Steroid treatment was planned for this patient with TAFRO syndrome. Cytopenia regressed after the initiation of dexamethasone administration at 80 mg. However, he was hospitalized in the hematology service to plan anti-IL-6 (tocilizumab) treatment because of ongoing generalized edema. The proteinuria and edema regressed, and the need for paracentesis also ended with tocilizumab treatment. In addition, his IL-6 level decreased from 61 pg/mL to 10 pg/mL with treatment. The patient was closely followed at 3-month intervals.

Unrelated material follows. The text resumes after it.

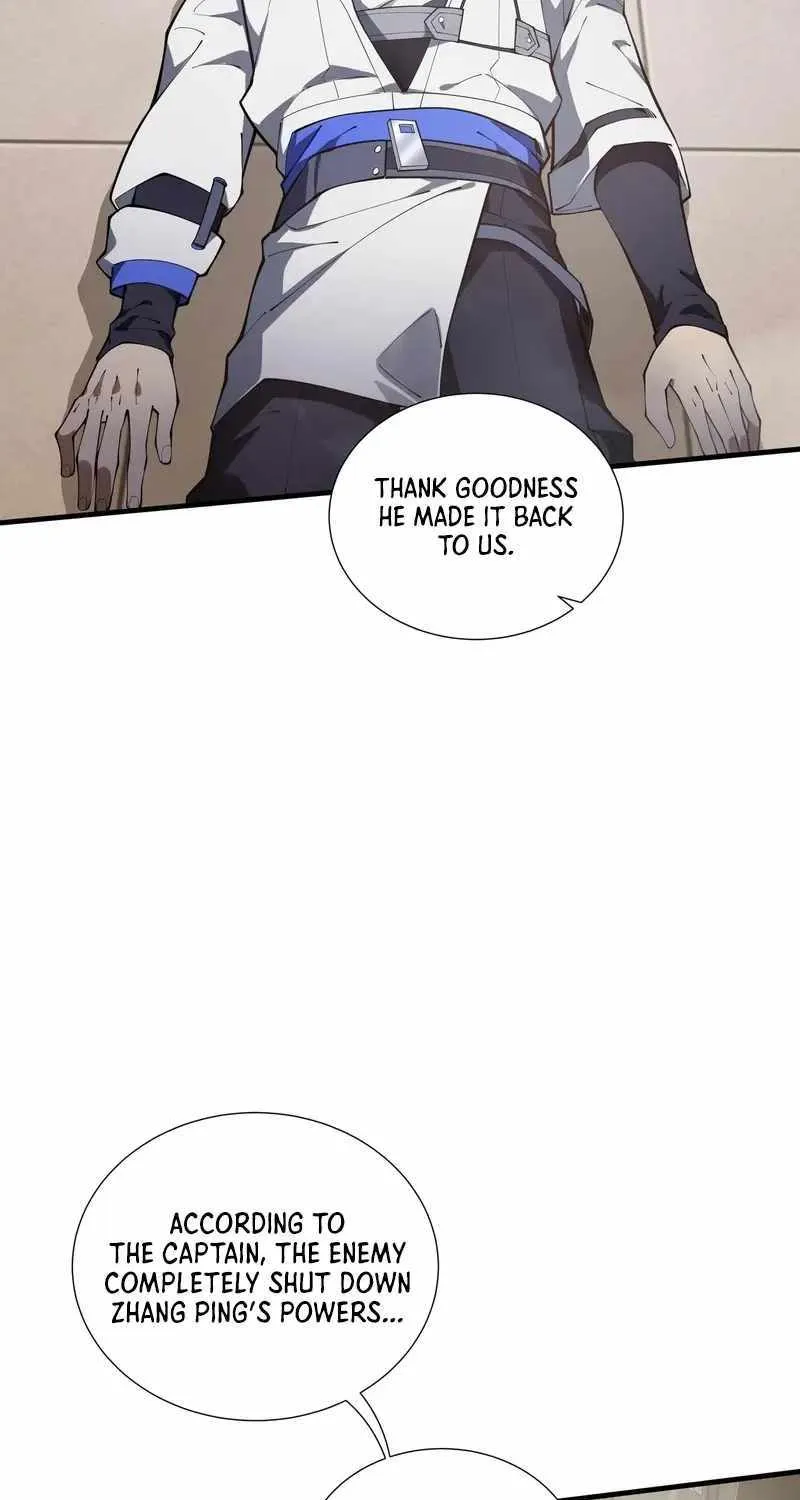 I Contracted Myself Chapter 87 page 32 -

In conclusion, the etiology of TAFRO is not clear, but the symptoms are the result of cytokine storms, and especially IL-6. The most common type of idiopathic multicentric CD with clinical features of TAFRO is a rapidly progressive form that can lead to death within weeks.  Although there is no optimal treatment, dexamethasone, chemotherapeutic agents, anti-IL-6 treatment, and immunosuppressive therapies can be beneficial. TAFRO syndrome must be considered in the differential diagnosis of infections, malignancies, autoimmune diseases, and especially lymphoma and lymphoproliferative diseases. TAFRO syndrome may have an aggressive clinical course. The case presented here highlights the fact that TAFRO syndrome should be considered in the differential diagnosis of patients with similar signs and symptoms.